拡散強調像は水分子の拡散現象をMRIで画像化する方法で、広く日常臨床に応用されています。実際には水分子のランダムな動きがコントラストとなります。MRIの画像に現れてくる水分子のランダムな動きには大きく2種類あります:分子拡散と微小血管内の血流です。従来の拡散強調像では分子拡散に着目するため、微小血管内の血流の影響が無視できるように撮像パラメータを設定していました。しかし、厳密な意味で微小血管の血流の影響は避けられないし、本来持っている情報を捨ててしまうのはもったいないです。そこで分子拡散と微小血管の血流(一般に灌流と呼ばれる)の両者を同時に測定する方法が近年注目を集めています。この拡散と灌流を定量するモデルはIVIMモデルと呼ばれ、多数の画像から取得された信号値をbiexpontneialの式で近似するものです1-3。我々は、このIVIMモデルの簡易計算ソフトを作成し公開しています。IVIMの定量化ホームページ »

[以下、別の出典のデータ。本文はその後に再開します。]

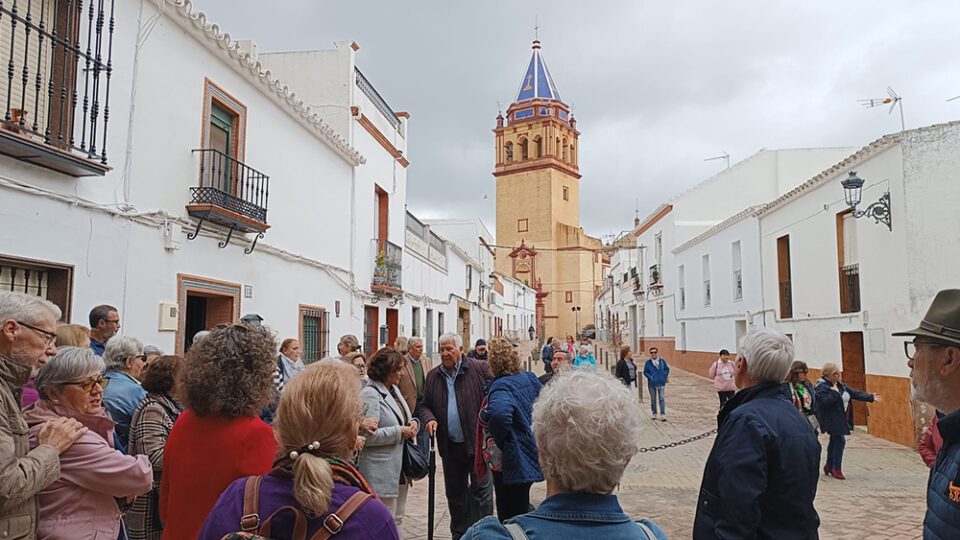El Coronil refuerza su apuesta por el turismo con la visita de vecinos de Espartinas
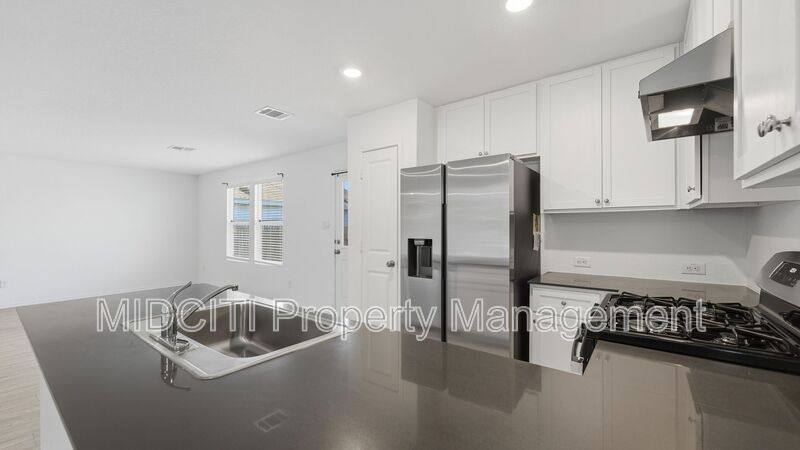 746 Tulsa Trail, New Braunfels, TX 78132 - House for Rent - Image 4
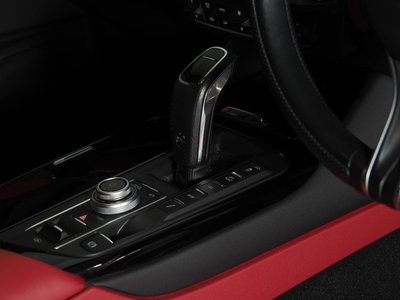 2022 Maserati LEVANTE — миниатюра 13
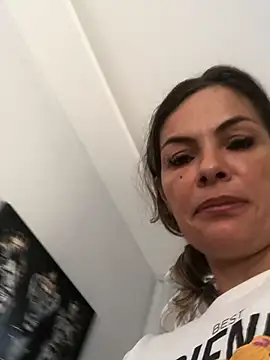 AliceXmoore online show from October 7, 3:27 pm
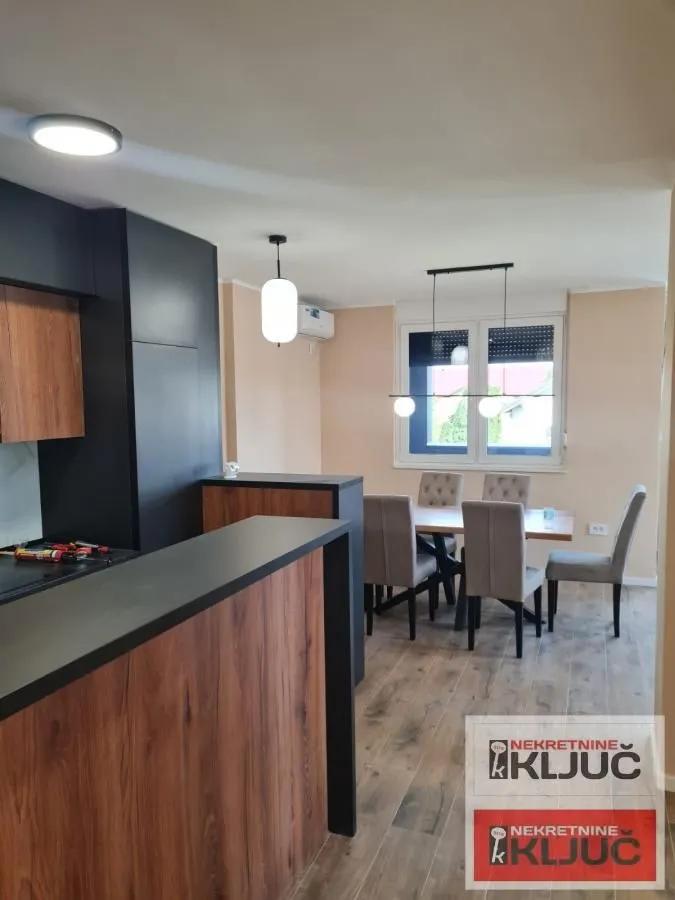 Izdavanje, trosoban stan, 80m², Veternik, Novi Sad Sve Podlokacije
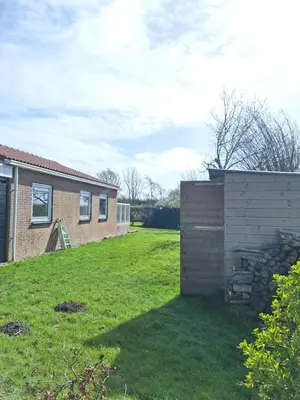 a yard with a house and a building at Zilt vakantiehuisje - Rekerlanden 283 in Schoorldam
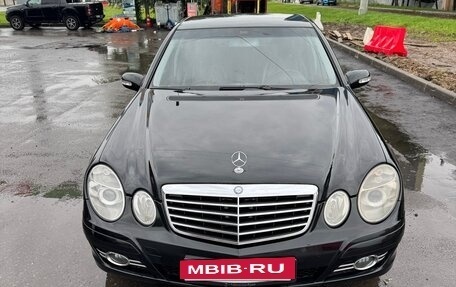 Mercedes-Benz E-Класс, 2004 год, 650 000 рублей, 3 фотография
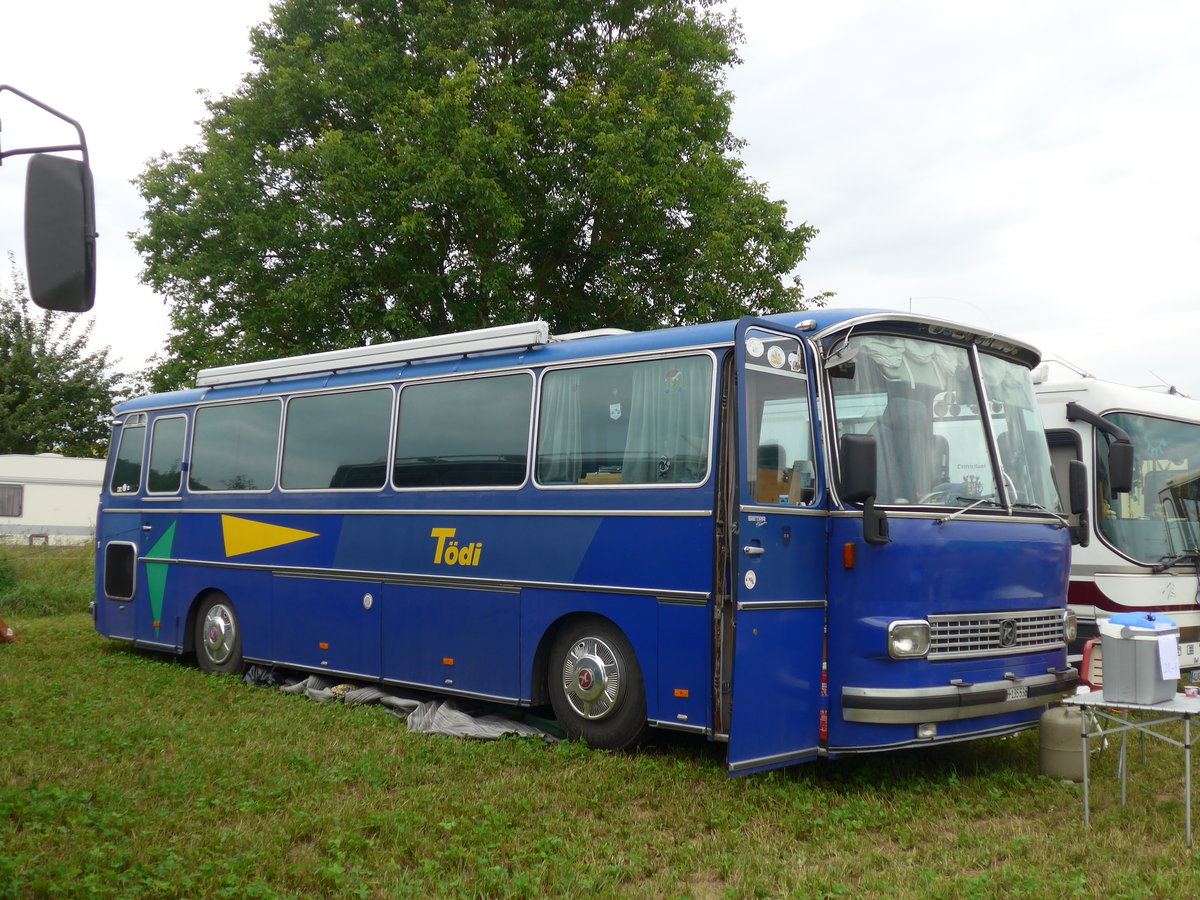 (174'002) - Aus der Schweiz: Camenisch, Dietlikon - ZH 135'536 - Setra am 20. August 2016 in B�singen, Bahnhof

- 本杉宇太郎(2013).「体幹部拡散強調像:撮像の基本からIVIMモデルまで」,青木茂樹・増谷佳孝・高原太郎・阿部修編,これでわかる拡散MRI第3版,pp98-99.
- 本杉宇太郎(2013).「肝臓IVIMイメージング」,青木茂樹・増谷佳孝・高原太郎・阿部修編,これでわかる拡散MRI第3版,pp446-447.
- 本杉宇太郎(2013).「拡散強調画像:IVIM」,高原太郎監修,高橋光幸・中村理宣・北川久・堀江朋彦編,扇和之編集協力,MRI応用自在第3版.